Architecture
Overview
KrishnaVani uses a Django backend with Django Ninja for the API layer, a SvelteKit 2 frontend (Svelte 5, adapter-node), and PostgreSQL with pgvector for semantic search. Caddy serves as a reverse proxy routing requests to the appropriate service.
Browser (SvelteKit PWA)
|
Caddy (:80 / :443)
|-- /api/* --> Django Ninja :8000
|-- /admin/* --> Django Admin :8000
|-- /* --> SvelteKit :3000
|
Django Backend
|-- Retrieval: embed query -> multi-index pgvector search -> re-rank
|-- Generation: stream answer via configured LLM
|-- Verification: hard checks on citations
|-- Caching: store verified answers for reuse
|
PostgreSQL + pgvector
|-- Verses, Translations (701 x 3)
|-- Enrichments with 3 embedding vectors per verse (HNSW indexed)

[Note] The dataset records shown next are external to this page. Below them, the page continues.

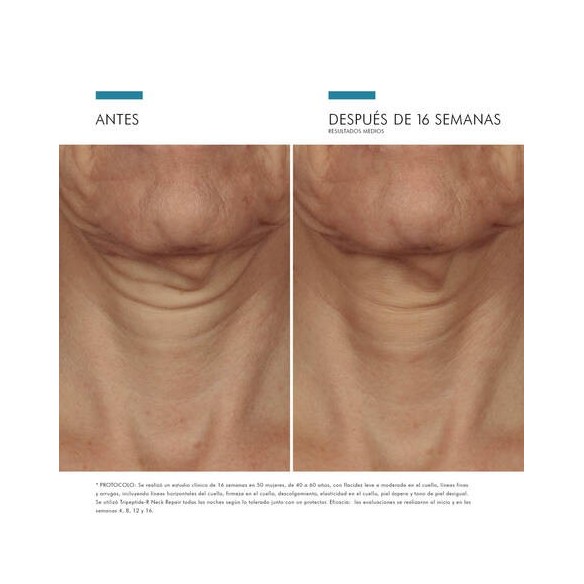 SKINCEUTICALS TRIPEPTIDE-R NECK REPAIR 50 ml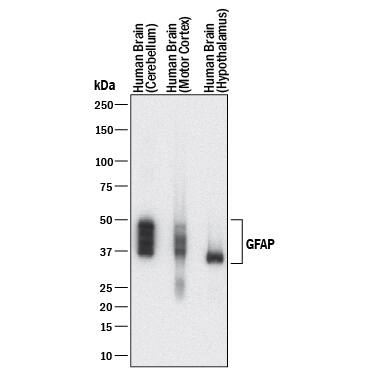 Western blot shows lysates of human brain (cerebellum) tissue, human brain (motor cortex) tissue, and human brain (hypothalamus) tissue. PVDF membrane was probed with 0.25 µg/mL of Mouse Anti-Human GFAP Monoclonal Antibody (Catalog # MAB25941) followed by HRP-conjugated Anti-Mouse IgG Secondary Antibody (HAF018). Specific bands were detected for GFAP at approximately 35-50 kDa (as indicated). This experiment was conducted under reducing conditions and using Immunoblot Buffer Group 1.
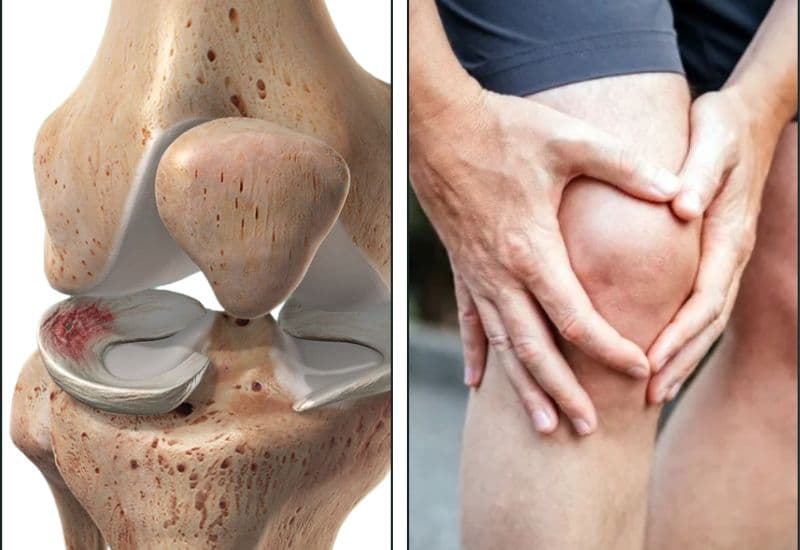 Top 5 dấu hiệu rách sụn chêm dễ bị bỏ qua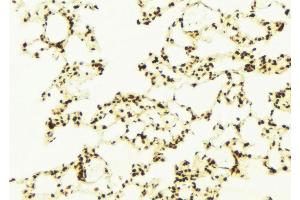 ABIN6272956 at 1/100 staining Mouse lung tissue by IHC-P. (C9ORF72 Antikörper  (Internal Region))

|-- Cached answers, sessions, feedback
|
NVIDIA API (or any OpenAI-compatible)
|-- LLM for answer generation
|-- Embedding model for semantic search
Interactive Diagram
Click any component to see detailed information.
Components
Retrieval Pipeline
The retrieval pipeline embeds the user’s query using the configured embedding model and performs multi-index pgvector search across three embedding types per verse: raw text, thematic, and situational. Results are re-ranked for relevance before being passed to the generation stage.
Generation
The generation component streams answers via a configured LLM (through NVIDIA API or any OpenAI-compatible endpoint). Answers are delivered in real-time using Server-Sent Events (SSE), with tokens appearing as they are generated. The LLM is prompted to respond in Krishna’s voice, grounded strictly in the retrieved Gita verses.
Verification
After generation, a verification step performs hard checks on all verse citations in the answer. This ensures that every referenced verse actually exists in the database and that the answer stays grounded in the Bhagavad Gita text.
Caching
Verified answers are cached in PostgreSQL for reuse. When a semantically similar question is asked again, the cached answer can be served directly, reducing latency and API costs.
Text-to-Speech (TTS)
Answers can be read aloud using Edge TTS with Microsoft neural voices. English uses the Prabhat voice and Hindi uses the Madhur voice. The TTS backend is swappable to other providers such as Google, NVIDIA, or ElevenLabs.